Economists take a lot of stick for their inability to foresee crises and recessions. But I wonder: wouldn’t it be fairer to chastise politicians for their lack of foresight?
Two current events make me ask.
One is the scandal about Windrushers being deported. This injustice was not just foreseeable but foreseen. Ministers were warned of it two years ago. It should be no surprise that a “hostile environment” and crude targets would hit law-abiding British citizens. As I said in 2016:
Just as “anti-terror” laws have been used to harass journalists and peaceful protestors, so immigration controls will hurt decent people. And for the same reason - because they are the softest targets.
And yet in both cases, some ministers and commentators seem surprised. They remind me of the hotel guest who complained of the poor view to whom Basil Fawlty replied:
May I ask what you expected to see out of a Torquay hotel bedroom? Sydney Opera House perhaps, or the Hanging Gardens of Babylon, herds of wildebeest sweeping majestically?
In this context we should ask: what can people reasonably be expected to foresee and what not?
It might be that recessions are inherently unforecastable because they are emergent phenomena which arise from micro-level shocks which are sometimes amplified by network effects.
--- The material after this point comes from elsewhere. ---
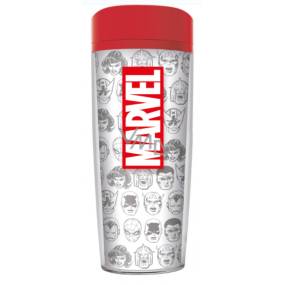 Epee Merch Marvel Termohrnek s dvojitou stěnou 533 ml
Similarly crises result from falls in asset values. But the same “often negligible” (Keynes’ words) knowledge of the future that causes asset values to be precarious also stops us from predicting such falls.
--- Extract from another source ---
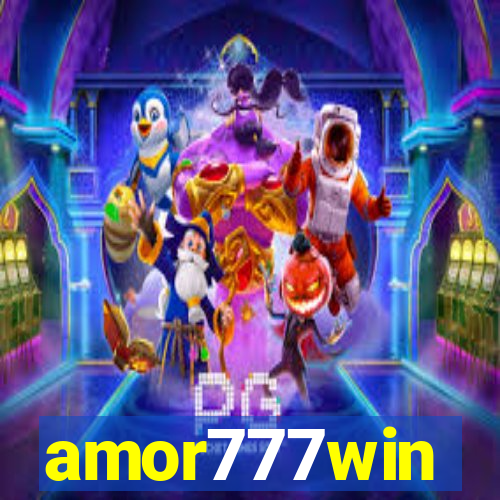 amor777win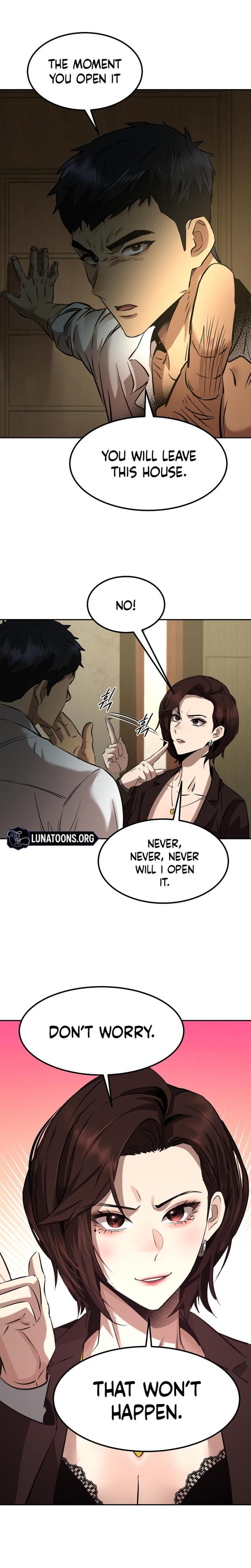 Born in Black (Uncensored), chapter 4, page 15 of 38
Maybe, therefore, crises and recessions are not reliably forecastable.
But the political events I’m considering are not like these. Everybody should know that targets can be misused. And anybody who had thought about knew that a hard Brexit meant a physical border between Northern Ireland and the Republic.
This is not of course to say that all political problems are foreseeable and all economic ones not. All I’m asking is for us to consider in which contexts it is possible to have foresight and in which it isn’t. Only by answering this can people be properly held to account for not foreseeing events. Only if you have a theory of what is knowable and what isn’t can you fairly blame people for not knowing something.